_Dataset content_
>>>>

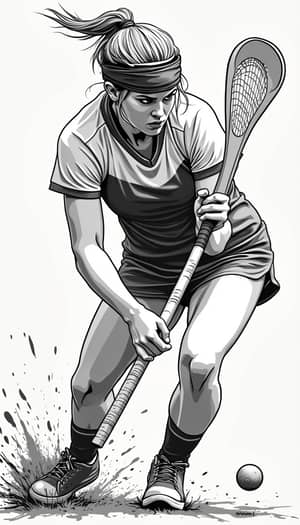 Dynamic Female Camogie Player in Bold Vector Art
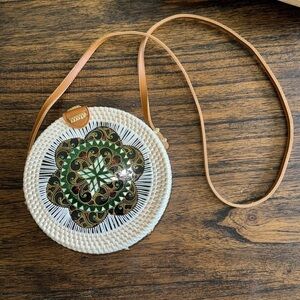 monkey forrest White Rattan Bali Bag with Hand-Carved  hand-painted Accent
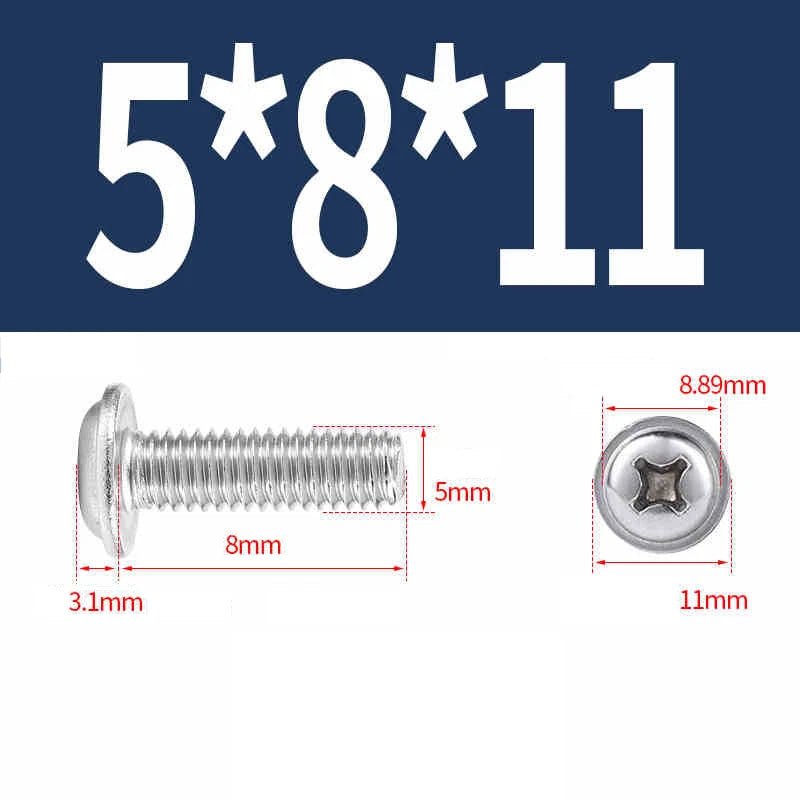 Phillips Flanged Pan Head Machine Screws 316 Stainless Steel M3 M4 M5 M6 - HomeDIYer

<<<<

_Description of the task_
Repeat the material above word for word; no images go in the copy.

_Your solution_
 Dynamic Female Camogie Player in Bold Vector Art
 monkey forrest White Rattan Bali Bag with Hand-Carved  hand-painted Accent
 Phillips Flanged Pan Head Machine Screws 316 Stainless Steel M3 M4 M5 M6 - HomeDIYer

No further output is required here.